TASK ITEM:
Set down exact lines only, from the line with "Narelle Waterproof Pointed" through the last line of the material below, with every picture left out.

────────────────────

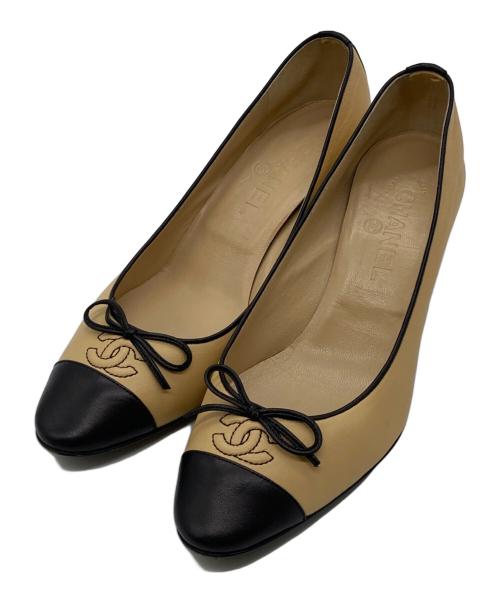 CHANEL（シャネル）CHANEL (シャネル) リボンバイカラーココマークパンプス ベージュ サイズ:38　1/2の古着・服飾アイテム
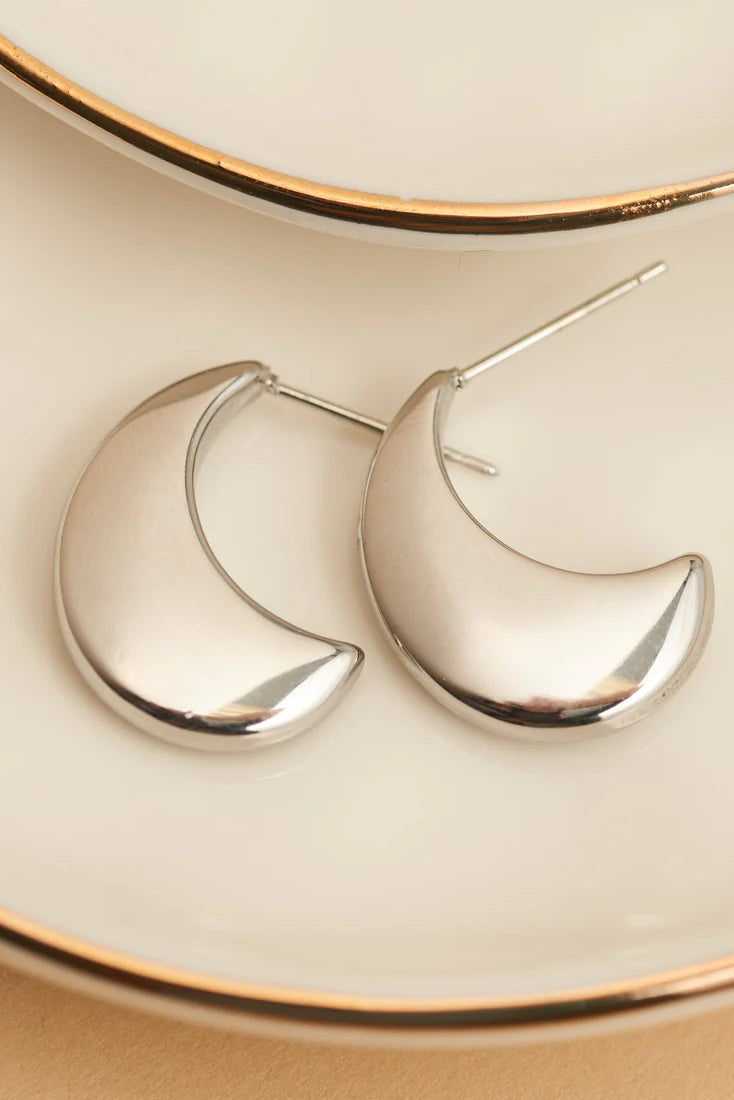 Narelle Waterproof Pointed Waterdrop Earrings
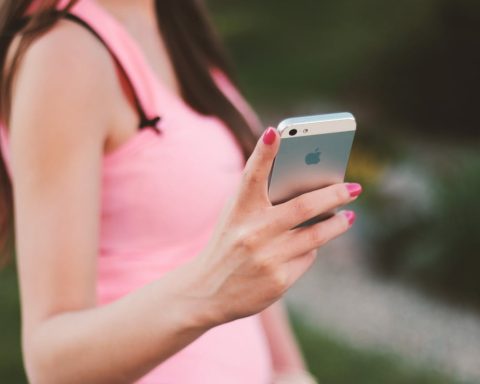 Waarom telefoonverificatie essentieel blijft voor naleving in gereguleerde sectoren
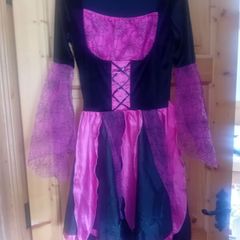 halloween costumes women. Size medium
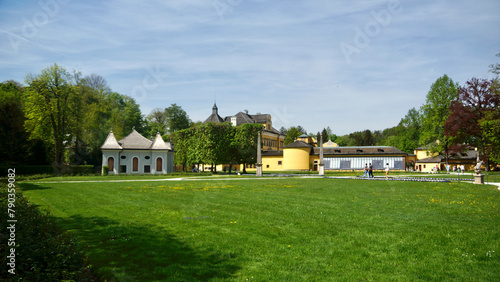 Schloss Hellbrunn mit Blick auf die historischen Wasserspiele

────────────────────

ANSWER TO THE PROBLEM:
 Narelle Waterproof Pointed Waterdrop Earrings
 Waarom telefoonverificatie essentieel blijft voor naleving in gereguleerde sectoren
 halloween costumes women. Size medium
 Schloss Hellbrunn mit Blick auf die historischen Wasserspiele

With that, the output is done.